You should use scheduledTimer instead.

/// Fetches Remote Config data and sets a duration that specifies how long config data lasts.
    /// Call activateFetched to make fetched data available to your app.
    /// @param expirationDuration  Duration that defines how long fetched config data is available, in
    ///                            seconds. When the config data expires, a new fetch is required.
    /// @param completionHandler   Fetch operation callback.
    open func fetch(withExpirationDuration expirationDuration: TimeInterval, completionHandler: FirebaseRemoteConfig.FIRRemoteConfigFetchCompletion? = nil)
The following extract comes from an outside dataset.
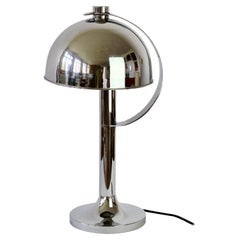 Rare Florian Schulz Mid-Century Vintage Modernist Chrome Adjustable Table Lamp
fetch(withExpirationDuration: interval) is to fetch data with a timeout, that is your interval.

let interval: TimeInterval = 10
Timer.scheduledTimer(timeInterval: interval,
                         target: self,
                         selector: #selector(updateConfig),
                         userInfo: nil,
                         repeats: true)

func updateConfig() {
    let rc = FIRRemoteConfig.remoteConfig()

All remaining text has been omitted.